Start of SOURCE MATERIAL
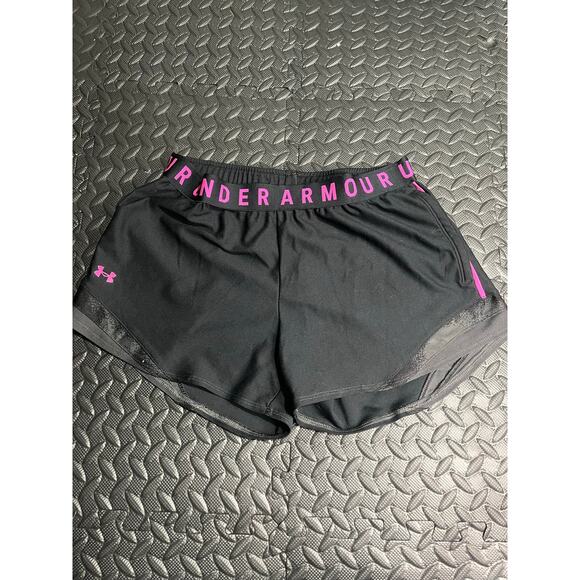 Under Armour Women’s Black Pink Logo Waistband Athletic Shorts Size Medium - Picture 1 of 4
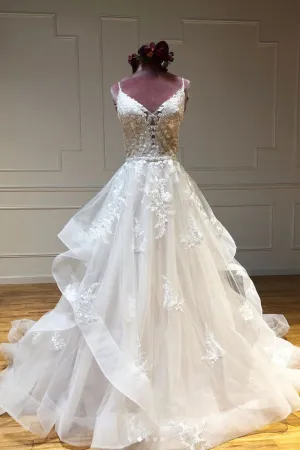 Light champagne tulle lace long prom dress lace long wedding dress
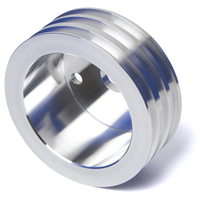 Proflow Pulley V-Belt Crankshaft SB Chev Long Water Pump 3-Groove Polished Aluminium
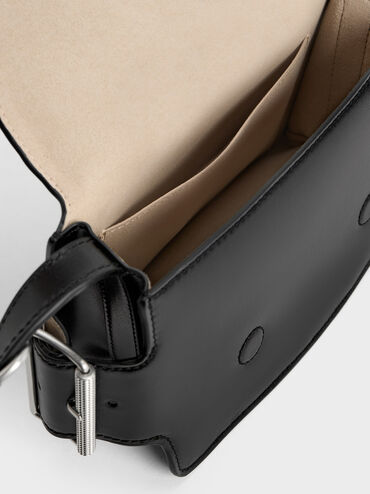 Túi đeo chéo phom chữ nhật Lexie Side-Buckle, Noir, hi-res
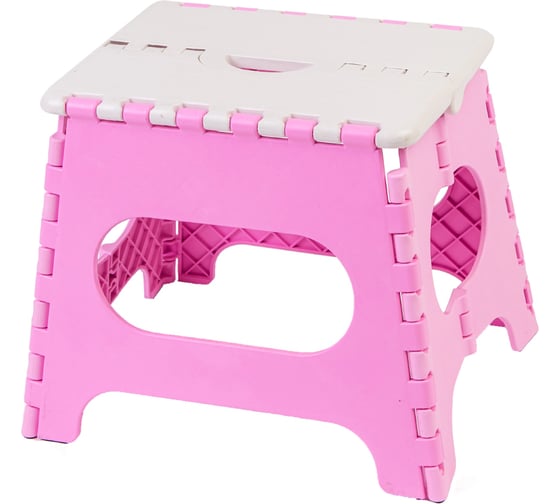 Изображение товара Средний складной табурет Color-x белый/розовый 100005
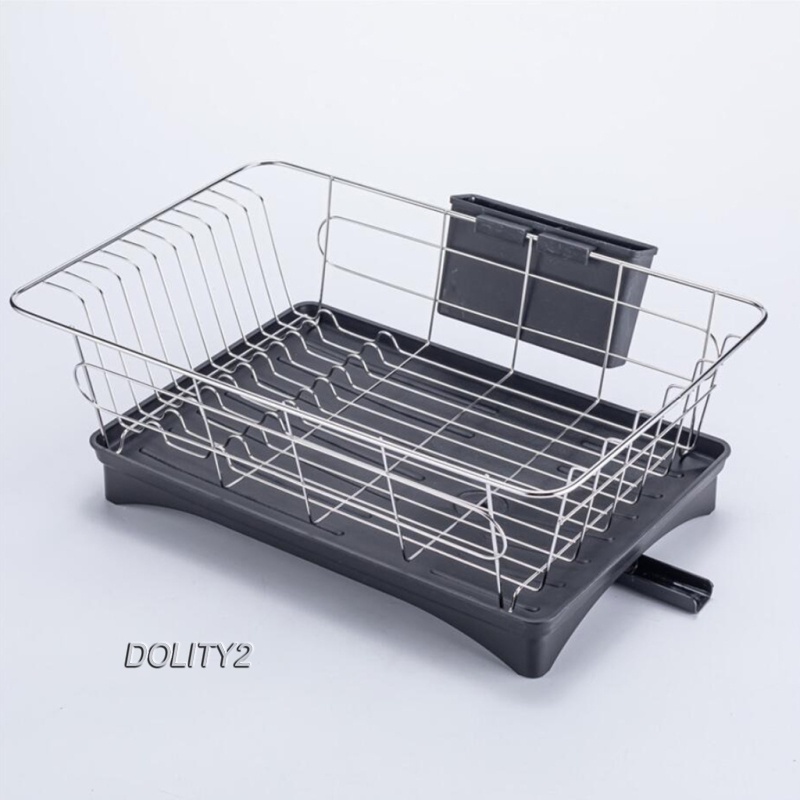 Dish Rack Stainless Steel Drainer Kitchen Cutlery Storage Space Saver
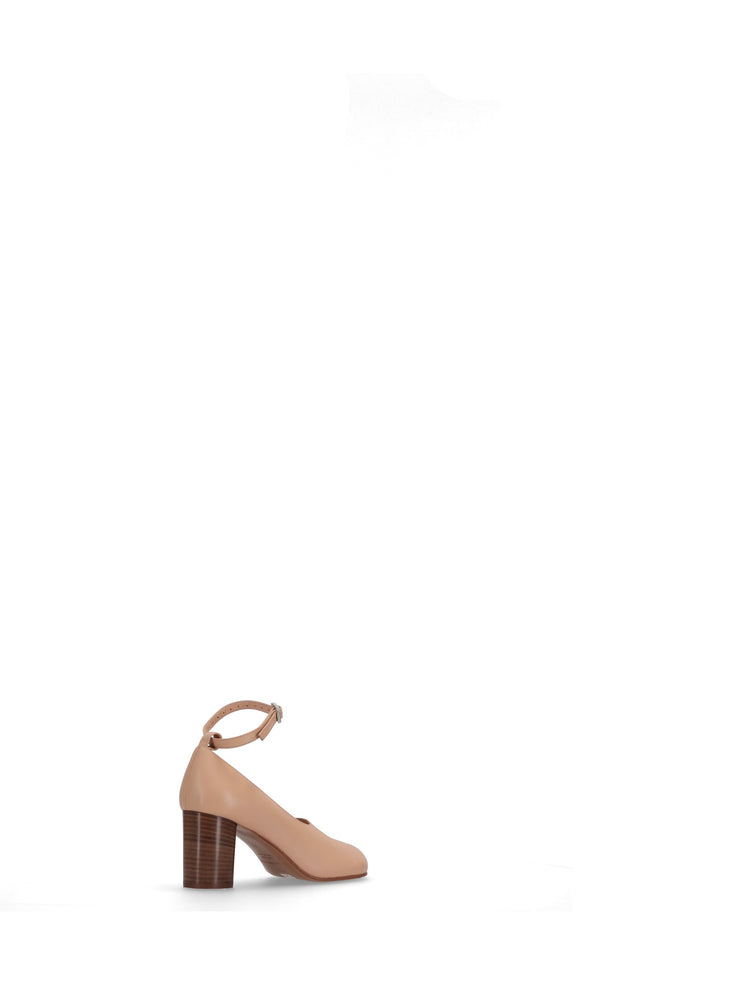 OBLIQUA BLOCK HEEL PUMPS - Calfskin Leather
End of SOURCE MATERIAL
■ TASK REQUIREMENTS:
Please return the records above exactly as written, dropping every picture.

■ TASK SOLUTION:
 Under Armour Women’s Black Pink Logo Waistband Athletic Shorts Size Medium - Picture 1 of 4
 Light champagne tulle lace long prom dress lace long wedding dress
 Proflow Pulley V-Belt Crankshaft SB Chev Long Water Pump 3-Groove Polished Aluminium
 Túi đeo chéo phom chữ nhật Lexie Side-Buckle, Noir, hi-res
 Изображение товара Средний складной табурет Color-x белый/розовый 100005
 Dish Rack Stainless Steel Drainer Kitchen Cutlery Storage Space Saver
 OBLIQUA BLOCK HEEL PUMPS - Calfskin Leather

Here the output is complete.